* **COLLECTED MATERIAL**:
+--

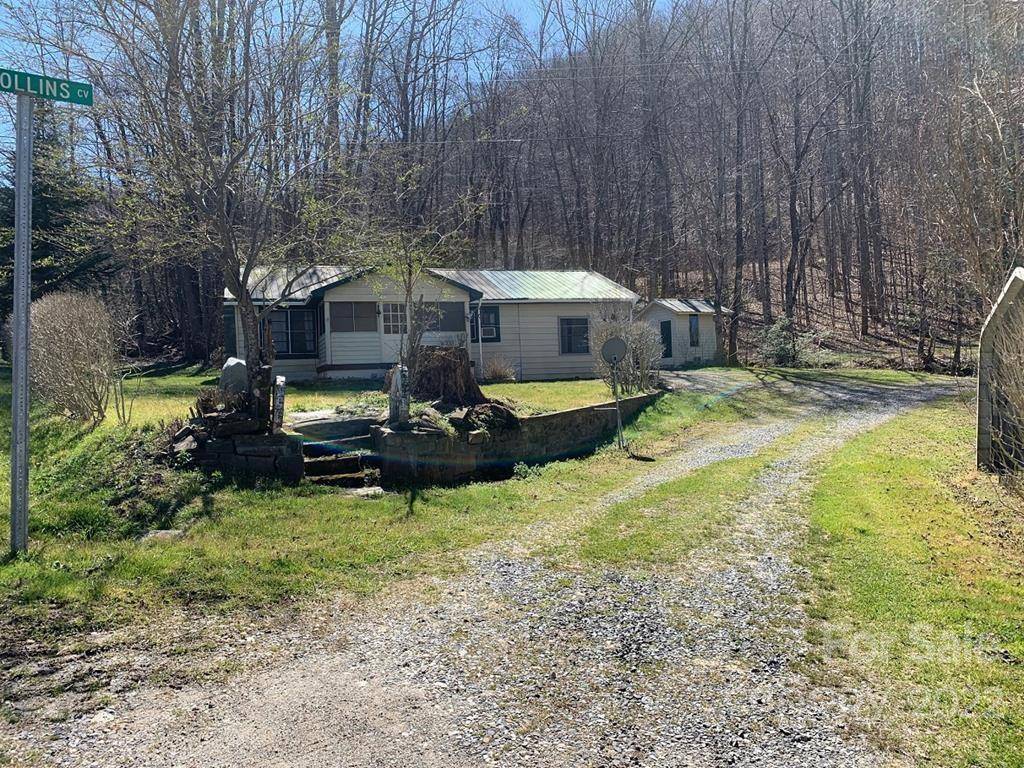 Robbinsville, NC 28771,11 Collins CV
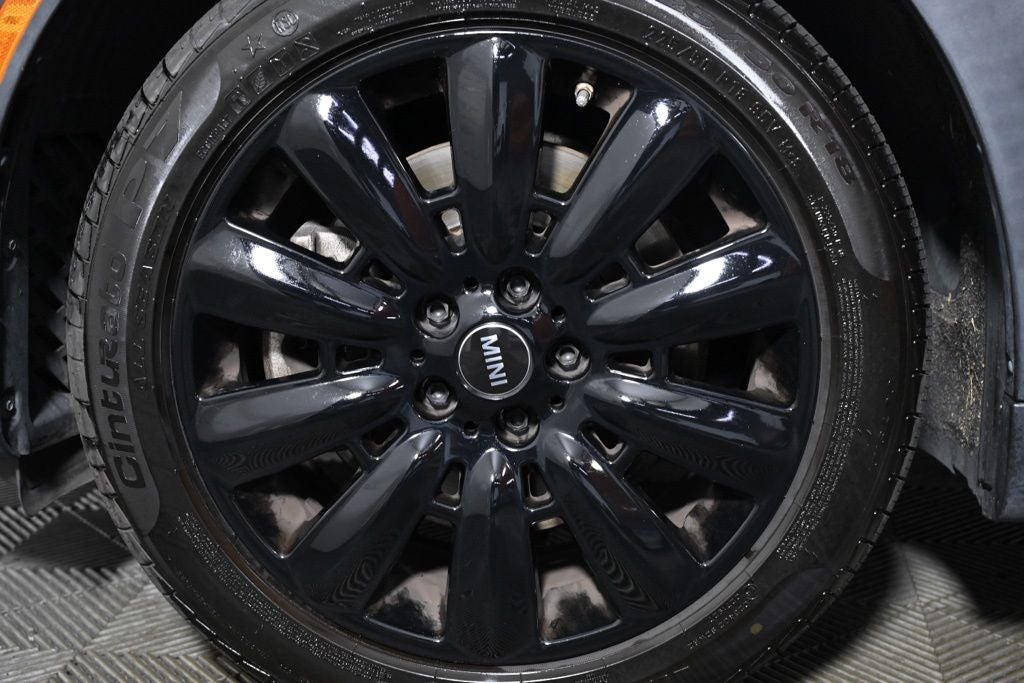 2020 MINI Cooper S Countryman Base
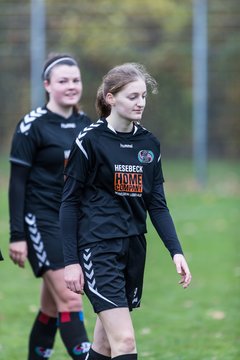 Bild 342 - wBJ SVHU am 20.11.21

+--

* **GOAL OF THE EXERCISE**: When repeating the listing, keep each line exact and exclude the pictures.

* **ANSWER SPACE**:
 Robbinsville, NC 28771,11 Collins CV
 2020 MINI Cooper S Countryman Base
 Bild 342 - wBJ SVHU am 20.11.21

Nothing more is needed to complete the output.